Vegan celebrities Natalie Portman and Moby have publicly disagreed over their romantic history – or lack of one.
In his new book Then It Fell Apart, Moby said the pair met when she was 20 and he was 33, and that the two dated briefly, before Portman broke it off.
But in a recent interview with Harpers Bazaar, Portman said she was ‘surprised to hear that he characterized the very short time that [she] knew him as dating’, adding that her ‘recollection is a much older man being creepy with [her] when [she] just had graduated high school’.
‘Fact-checking’
“He said I was 20; I definitely wasn’t. I was a teenager,” Portman said in the interview. “I had just turned 18. There was no fact checking from him or his publisher – it almost feels deliberate.
“That he used this story to sell his book was very disturbing to me.
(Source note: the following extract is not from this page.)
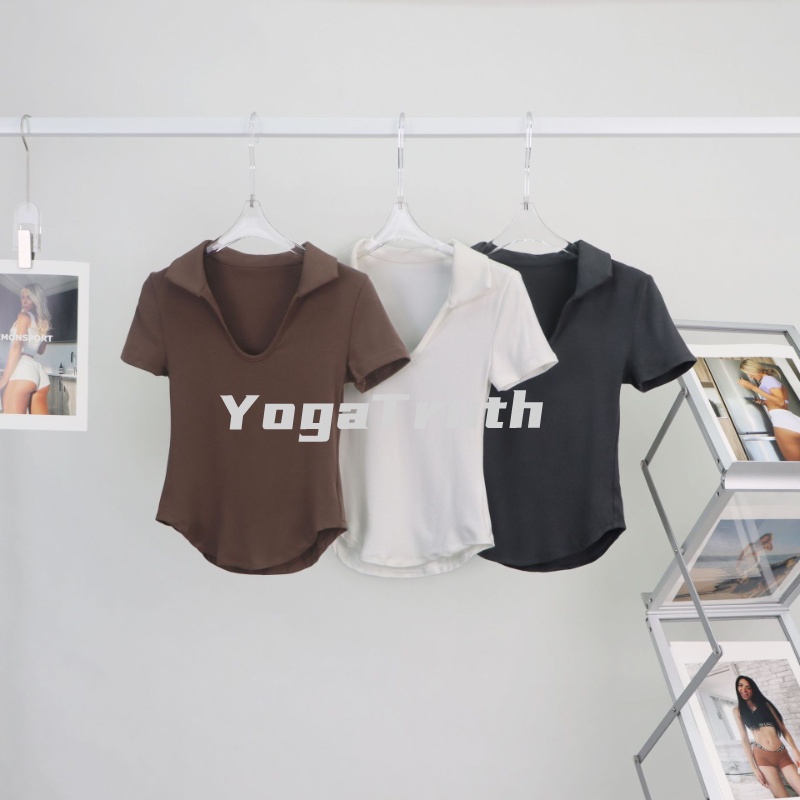 【YOGATRUTH】เสื้อยืดแขนสั้น คอปก รูปตัว U เซ็กซี่ เหมาะกับการเล่นโยคะ เต้นรํา สําหรับผู้หญิง ราคา ถูกที่สุด ดีลบีเคเค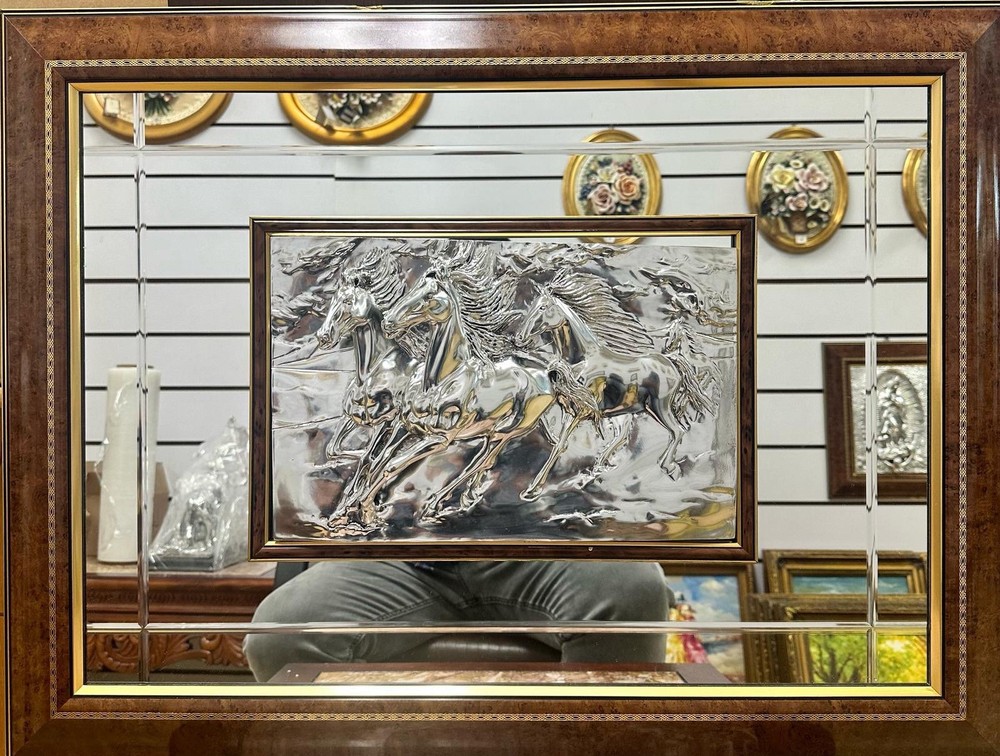 HORSES   laminated in crystal silver viscellated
It wasn’t the case. There are many factual errors and inventions. I would have liked him or his publisher to reach out to fact check.
“I was a fan and went to one of his shows when I had just graduated. When we met after the show, he said, ‘let’s be friends’. He was on tour and I was working, shooting a film, so we only hung out a handful of times before I realized that this was an older man who was interested in me in a way that felt inappropriate.”
‘Confused’
Moby responded to Portman’s assertions in an Instagram post he shared earlier today, writing: “I recently read a gossip piece wherein Natalie Portman said that we’d never dated. This confused me, as we did, in fact, date. And after briefly dating in 1999 we remained friends for years.
“I like Natalie, and I respect her intelligence and activism. But, to be honest, I can’t figure out why she would actively misrepresent the truth about our (albeit brief) involvement. The story as laid out in my book Then It Fell Apart is accurate, with lots of corroborating photo evidence, etc.
“I completely respect Natalie’s possible regret in dating me (to be fair, I would probably regret dating me, too), but it doesn’t alter the actual facts of our brief romantic history.”